1. Where a testator, dying without issue, gives the residue of his estate in trust for ten years or until the death of his wife, with provisions as to payment of income to his wife and certain relatives, and directs that, on the termination of the trust, the principal shall be divided among a number of persons named, the shares of those "dying prior to the period of distribution to vest in the issue" of those so dying, and further directs that if the wife refuses to take under the will, the shares to two of the wife's relations shall be void, and the wife elects to take against the will, the trust will not terminate at the end of ten years, but will continue until the death of the wife. Reighard's Est., 253 Pa. 43, explained; Disston's Est., 257 Pa. 537, distinguished.
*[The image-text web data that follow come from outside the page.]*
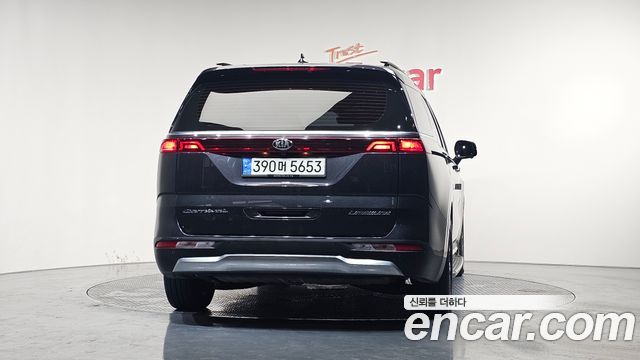 Kia Carnival 4-го поколения 7-Seater Signature - фото 3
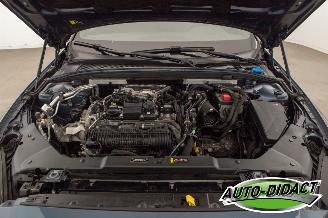 Volvo V-60 2.0 B4 Motor schade Autom Clima Navi Leder R-Design picture 32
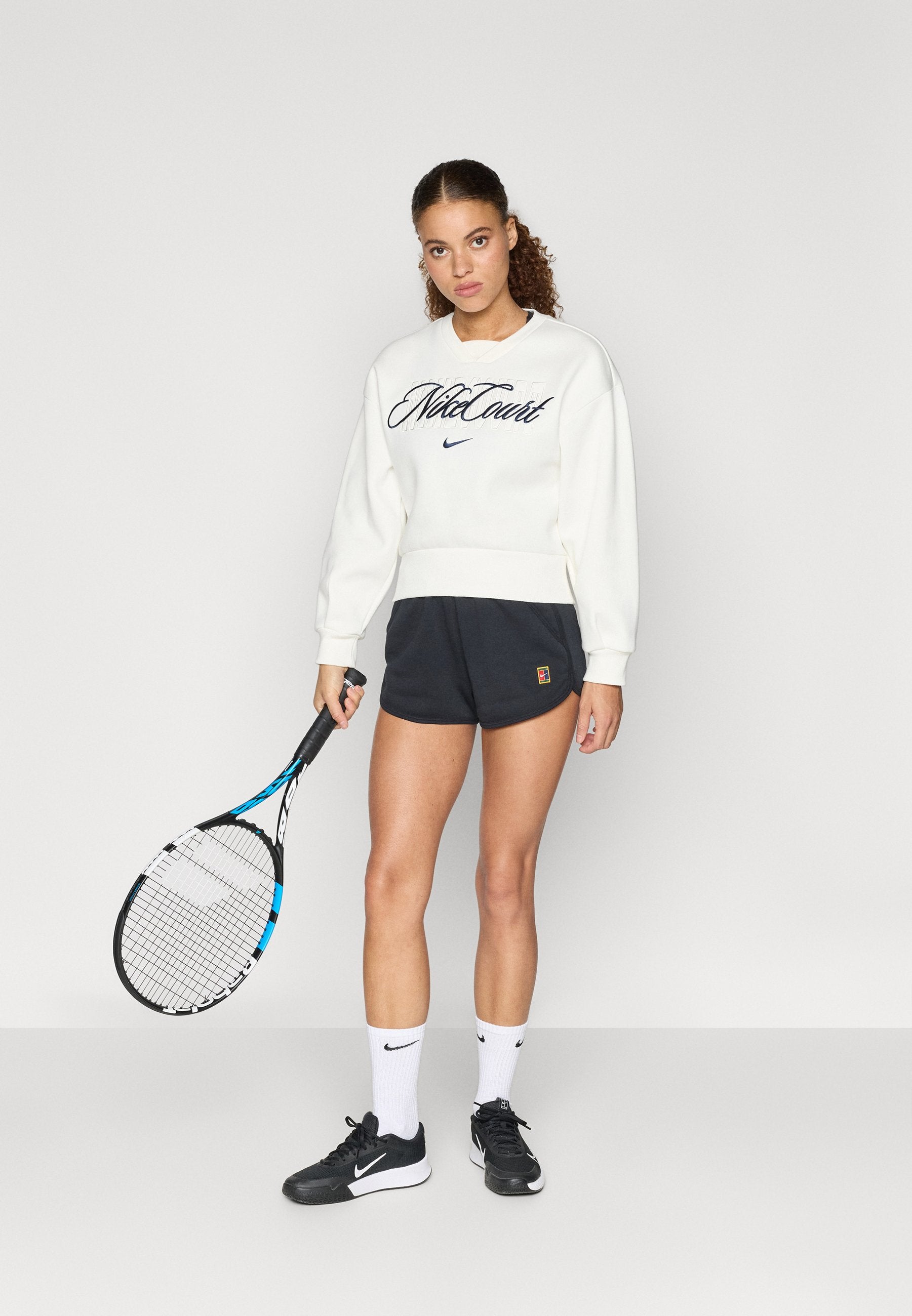 NIKECOURT - Sweatshirt - kirli beyaz/lacivert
2. Furthermore, as the will shows a purpose that the persons who take the principal shall be ascertained at the death of testator's widow, and not before, the trust cannot be terminated until that event takes place, and such persons are ascertained.

Appeal, No. 148, Oct. T., 1924, by Samuel S. Reighard, beneficiary under will of decedent, from decree of O. C. Allegheny Co., Feb. T., 1924, No. 228, dismissing exceptions to adjudication, in estate of D. P. Reighard, deceased.


Exceptions to adjudication. Before MITCHELL, J.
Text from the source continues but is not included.